The myth of the overnight literary success is a dangerous illusion. Aram Mrjoian recently hit a massive milestone, crossing the six-figure income mark for the first time after twelve years of grinding in the publishing industry. But that financial high-water mark was not the result of a single, lucrative book advance for his debut novel Waterline.

Instead, it is the culmination of a highly diversified, deeply unglamorous career strategy that blends corporate content marketing, editorial side gigs, and salaried academic teaching.
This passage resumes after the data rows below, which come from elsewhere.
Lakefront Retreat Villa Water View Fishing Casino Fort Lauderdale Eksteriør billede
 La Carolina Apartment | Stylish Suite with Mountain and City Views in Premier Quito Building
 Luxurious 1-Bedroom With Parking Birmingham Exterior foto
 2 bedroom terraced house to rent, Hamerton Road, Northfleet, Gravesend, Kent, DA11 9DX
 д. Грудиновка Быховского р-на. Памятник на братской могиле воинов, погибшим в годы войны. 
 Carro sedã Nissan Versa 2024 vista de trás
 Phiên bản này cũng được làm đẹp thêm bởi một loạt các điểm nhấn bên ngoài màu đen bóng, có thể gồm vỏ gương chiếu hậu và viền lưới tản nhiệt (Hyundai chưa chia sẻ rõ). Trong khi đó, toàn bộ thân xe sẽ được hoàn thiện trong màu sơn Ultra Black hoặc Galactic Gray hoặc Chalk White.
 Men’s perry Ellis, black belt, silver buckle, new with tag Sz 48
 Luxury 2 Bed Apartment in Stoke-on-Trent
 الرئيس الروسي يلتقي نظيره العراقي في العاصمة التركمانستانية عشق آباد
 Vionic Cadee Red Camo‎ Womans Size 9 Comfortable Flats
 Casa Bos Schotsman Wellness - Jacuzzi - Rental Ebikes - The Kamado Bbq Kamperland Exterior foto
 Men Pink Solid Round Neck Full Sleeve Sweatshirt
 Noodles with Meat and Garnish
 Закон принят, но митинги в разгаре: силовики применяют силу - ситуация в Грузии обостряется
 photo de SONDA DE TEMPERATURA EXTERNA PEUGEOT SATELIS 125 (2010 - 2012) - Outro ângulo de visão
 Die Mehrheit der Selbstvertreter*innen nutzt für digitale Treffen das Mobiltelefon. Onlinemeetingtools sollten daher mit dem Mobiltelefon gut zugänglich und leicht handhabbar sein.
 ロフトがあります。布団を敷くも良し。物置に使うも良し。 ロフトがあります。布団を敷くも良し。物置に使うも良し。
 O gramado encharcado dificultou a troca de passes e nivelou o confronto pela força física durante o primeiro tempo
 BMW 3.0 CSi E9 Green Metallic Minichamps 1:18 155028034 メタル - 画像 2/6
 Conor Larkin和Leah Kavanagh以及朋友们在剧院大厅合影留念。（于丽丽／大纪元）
Starting out making just $30,000 a year in a demanding marketing role, Aram built his financial foundation by treating his writing life as a scrappy accumulation of small, hard-won victories rather than waiting for a magical publishing windfall.

One of the smartest economic moves of his early career was his ruthless approach to higher education. Instead of uprooting his life for a fully funded but low-stipend MFA, he enrolled in a part-time program at Northwestern University while working full-time in their marketing department. 

This calculated dual-track approach allowed him to slash his tuition costs by up to 70 percent through employee benefits and scholarships while keeping his corporate salary entirely intact. When he later pursued a PhD at Florida State, he supplemented his meager graduate stipend by retaining his remote managing editor position at TriQuarterly.

He is also refreshingly honest about the quiet safety net that made this massive leap possible, explicitly acknowledging that his spouse’s flexible, well-paying job provided the critical financial stability required to survive the leanest years of his academic transition.

Today, his business model is firmly anchored by a salaried teaching and editing position at the University of Michigan, an arrangement that completely removes the pressure of forcing his fiction to pay the rent. In fact, he actively warns his own students that relying on traditional book advances is a wildly unrealistic survival strategy. Because his baseline overhead is covered, he can afford to take on massive passion projects that offer terrible hourly rates.

Editing the diaspora anthology We Are All Armenian took years of coordination and ultimately paid out a dismal $120 per contributor in royalties. Yet, he views the book as a massive professional victory, noting that the prestige of the project was a major talking point that directly helped him secure his highly competitive, salaried academic roles.